Fundamentaram a sua pretensão alegando, em síntese que, depois do trânsito em julgado da sentença dada à execução, procederam à resolução com justa causa do contrato de comodato do imóvel identificado nos autos, por notificação judicial avulsa, com base na violação das obrigações gerais da comodatária (colheu frutos da coisa emprestada, injuriou e difamou os embargantes, arrogando-se perante terceiros como proprietária da habitação e destruindo construções edificadas pelos executados no imóvel, designadamente a vedação no quintal, e albergando terceiros na habitação).

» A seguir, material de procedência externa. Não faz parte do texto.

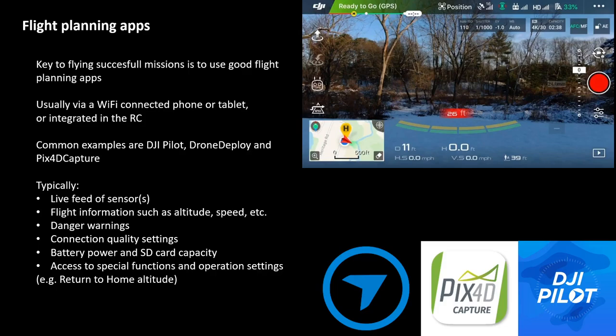What such a flight planning app will give you — and I've attached a screenshot here of DJI Pilot in the upper right — is a live feed of the sensor, flight information such as altitude and speed, danger warnings if your drone has obstacle detection sensors, information on your connection quality both to GPS and the remote control, information on battery power and SD card capacity, and access to special functions and operation settings.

Concluíram pedindo que, na procedência dos embargos, se determine a extinção da execução e a restituição do imóvel, bem como a condenação da exequente por litigância de má-fé, em multa e indemnização no montante de € 2.500,00, sob a alegação de que a exequente propôs a execução depois de ter operado a resolução do contrato e de saber que estava extinto o direito a exigir a entrega.
A exequente contestou, impugnando os factos alegados como constituindo a justa causa invocada e alegando que a resolução do contrato não opera através de uma notificação judicial avulsa, pedindo a improcedência dos embargos.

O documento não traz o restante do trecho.